Scraped caption text data:
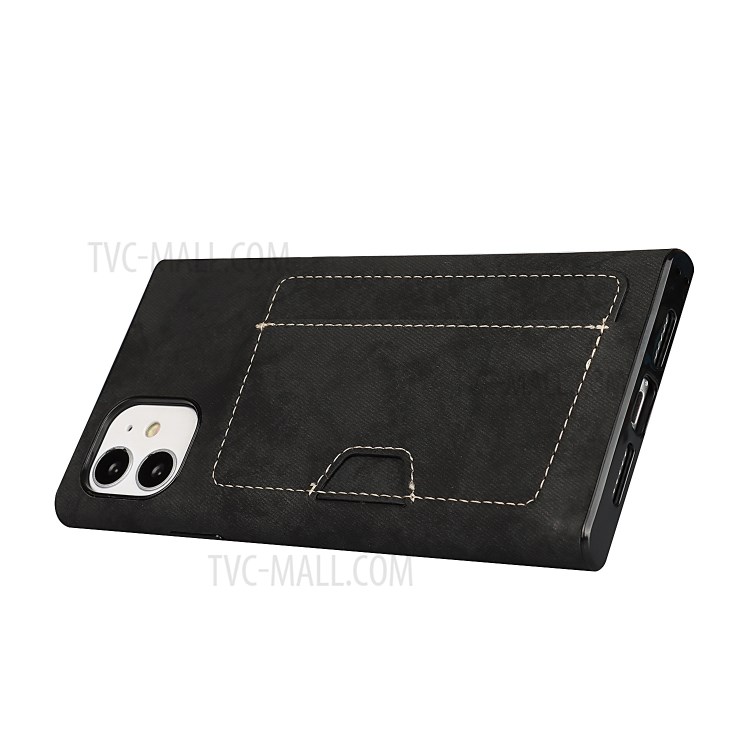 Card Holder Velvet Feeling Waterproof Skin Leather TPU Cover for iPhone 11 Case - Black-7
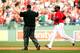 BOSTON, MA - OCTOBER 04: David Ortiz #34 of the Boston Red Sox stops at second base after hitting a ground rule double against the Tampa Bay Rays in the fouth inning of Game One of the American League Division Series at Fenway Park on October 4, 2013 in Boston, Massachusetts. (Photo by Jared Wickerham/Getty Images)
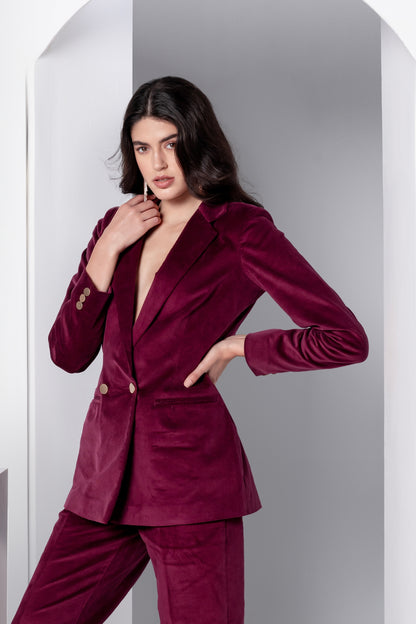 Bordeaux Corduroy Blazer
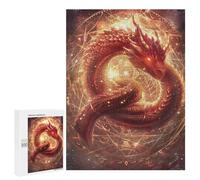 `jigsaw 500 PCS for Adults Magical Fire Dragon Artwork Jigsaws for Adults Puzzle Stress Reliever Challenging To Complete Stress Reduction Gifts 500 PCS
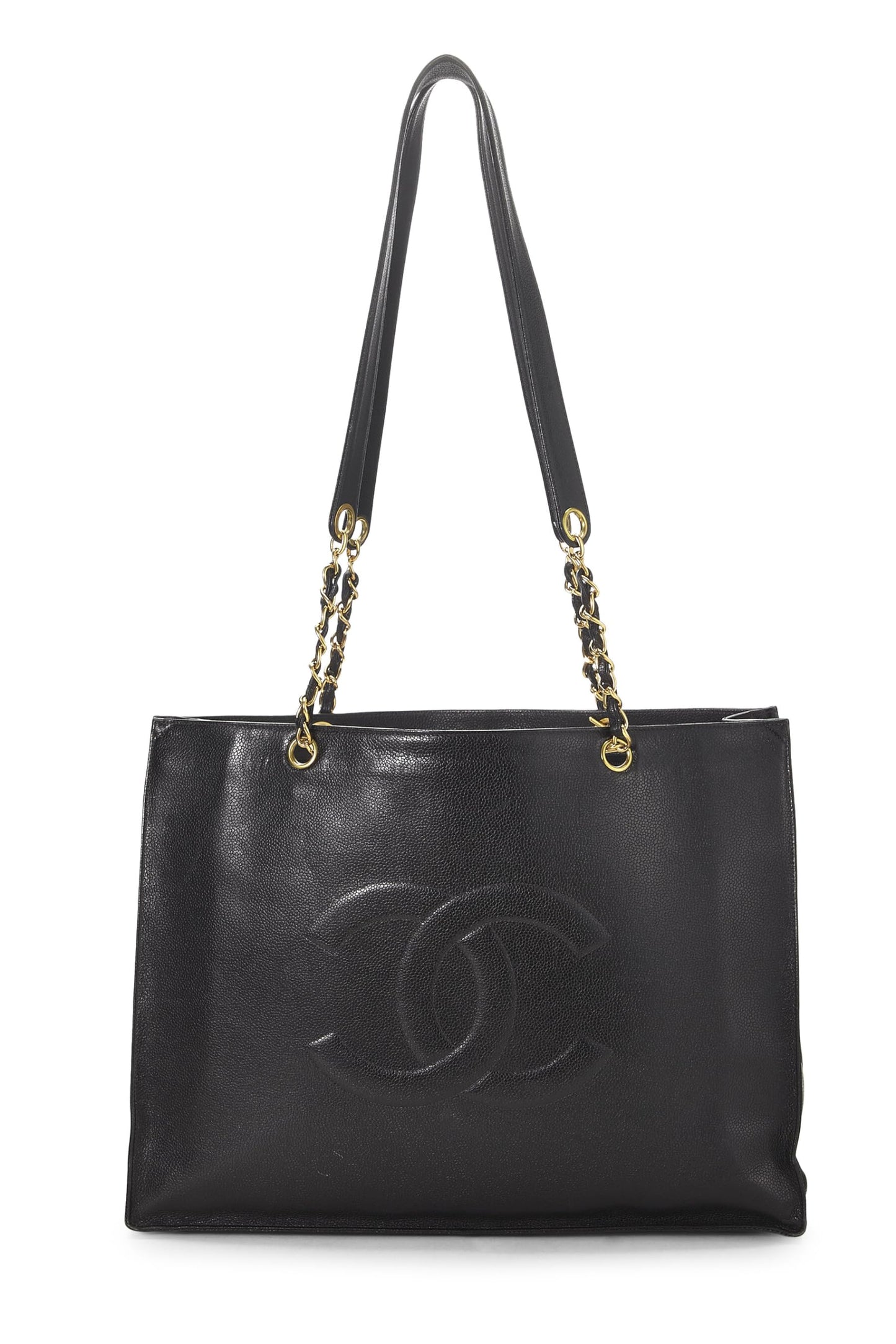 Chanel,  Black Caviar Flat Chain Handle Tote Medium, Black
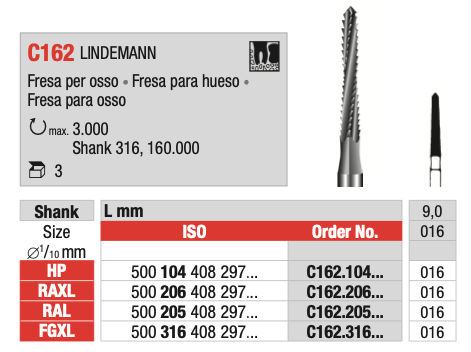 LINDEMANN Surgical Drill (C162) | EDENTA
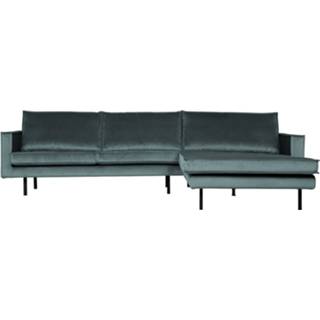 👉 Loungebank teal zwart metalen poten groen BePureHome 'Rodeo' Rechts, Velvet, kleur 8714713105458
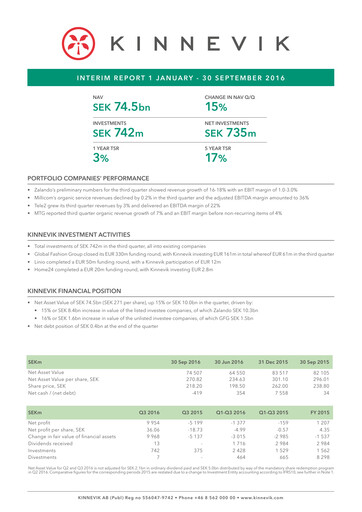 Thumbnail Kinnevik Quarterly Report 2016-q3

REQUIRED ACTION:
Give the lines of the entries above exactly as they appear, leaving out each picture.

OUTPUT OF THE TASK:
 Card Holder Velvet Feeling Waterproof Skin Leather TPU Cover for iPhone 11 Case - Black-7
 BOSTON, MA - OCTOBER 04: David Ortiz #34 of the Boston Red Sox stops at second base after hitting a ground rule double against the Tampa Bay Rays in the fouth inning of Game One of the American League Division Series at Fenway Park on October 4, 2013 in Boston, Massachusetts. (Photo by Jared Wickerham/Getty Images)
 Bordeaux Corduroy Blazer
 `jigsaw 500 PCS for Adults Magical Fire Dragon Artwork Jigsaws for Adults Puzzle Stress Reliever Challenging To Complete Stress Reduction Gifts 500 PCS
 Chanel,  Black Caviar Flat Chain Handle Tote Medium, Black
 LINDEMANN Surgical Drill (C162) | EDENTA
 👉 Loungebank teal zwart metalen poten groen BePureHome 'Rodeo' Rechts, Velvet, kleur 8714713105458
 Thumbnail Kinnevik Quarterly Report 2016-q3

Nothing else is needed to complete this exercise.